To use a remote Prometheus and Loki instance such as Grafana Cloud

  1. Create a secrets.yaml file with credentials to access the Grafana Cloud services:

    yaml
    ---
    apiVersion: v1
    kind: Secret
    metadata:
      name: primary-credentials-metrics
      namespace: default
    stringData:
      username: "<instance ID>"
      password: "<API key>"
    ---
    apiVersion: v1
    kind: Secret
    metadata:
      name: primary-credentials-logs
      namespace: default
    stringData:
      username: "<instance ID>"
      password: "<API key>"
  2. Add the secret to Kubernetes with kubectl create -f secret.yaml.

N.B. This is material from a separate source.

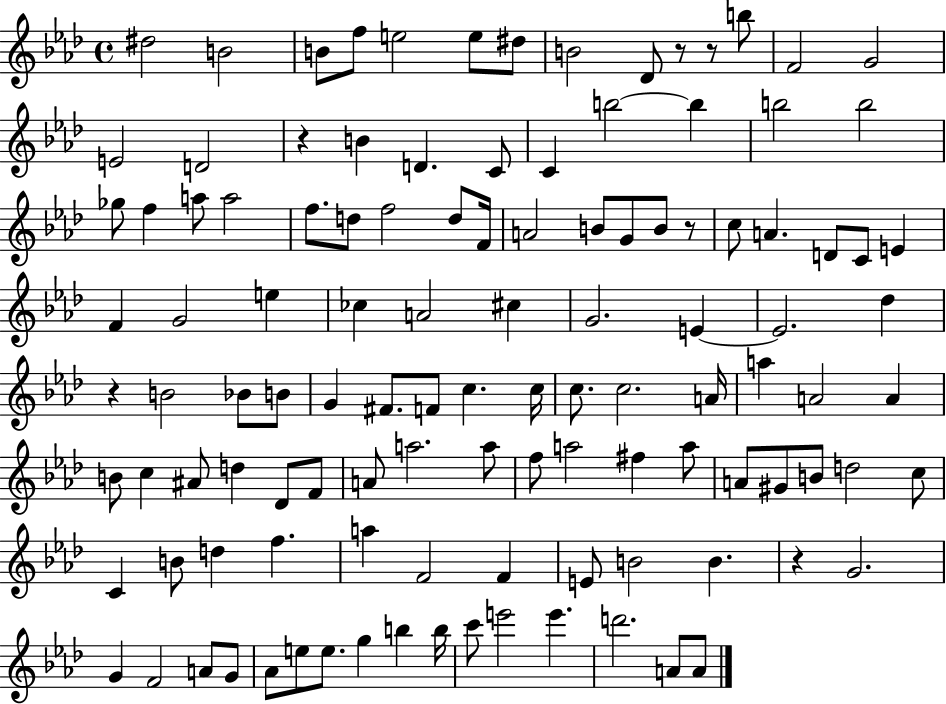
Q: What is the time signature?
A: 4/4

  3. Add a remoteWrite section to serviceMonitor in values.yaml:

    yaml
    monitoring:
    ...
      serviceMonitor:
        enabled: true
        ...
        metricsInstance:
          remoteWrite:
          - url: <metrics remote write endpoint>
            basicAuth:
              username:
                name: primary-credentials-metrics
                key: username
              password:
                name: primary-credentials-metrics
                key: password
  4. Add a client to monitoring.selfMonitoring.logsInstance.clients:

    yaml
    monitoring:
    ---
    selfMonitoring:
      enabled: true
      logsInstance:
        clients:
          - url: <logs remote write endpoint>
            basicAuth:
              username:
                name: primary-credentials-logs
                key: username
              password:
                name: primary-credentials-logs
                key: password
    lokiCanary:
      enabled: false
  5. Install the Loki meta-motoring connection on Grafana Cloud.